There was great excitement at Tara Redwood School in California when primary school pupils discovered an amazing fossil that is at least 11,500 years old. The children were originally looking for crayfish when they made this remarkable discovery.
The fossil is estimated to be between 11,500 and 300,000 years old
A group of elementary school students were out in a creek in the Santa Cruz Mountains looking for crawdads. “They were building a dam and looking for crawdads,” teacher Bryn Evans told KSBW. “They were digging in the mud, pulling things out, and then one of the kids came up and said, ‘That’s not a stick, that’s a bone’.” The Santa Cruz Museum of Natural History in northern California confirmed that it was the prehistoric left arm bone of a Jefferson sloth (Megalonyx jeffersonii).

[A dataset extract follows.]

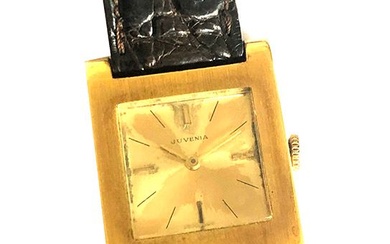 JUVENIA, Montre bracelet de dame en or jauine 18K (750/°°), boitier rectangulaire, cadran doré, index...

Megalonyx jeffersonii, a giant sloth, fed on foliage and lived in the Pliocene and Pleistocene in North America. It could reach a length of up to three metres and weighed around 1000 kilograms.
The valuable fossil will now be analysed by experts at the museum to determine its exact origin. “Fossils are a fascinating tool to awaken people’s interest in the past,” commented museum director Felicia Van Stolk.” We are very pleased that our students have made this valuable discovery and are convinced that it will inspire generations of museum visitors and scientists.”
The fossil is estimated to be between 11,500 and 300,000 years old. It was named after former US President Thomas Jefferson, who described the first discovery in Kentucky in a letter to the American Philosophical Society in 1796.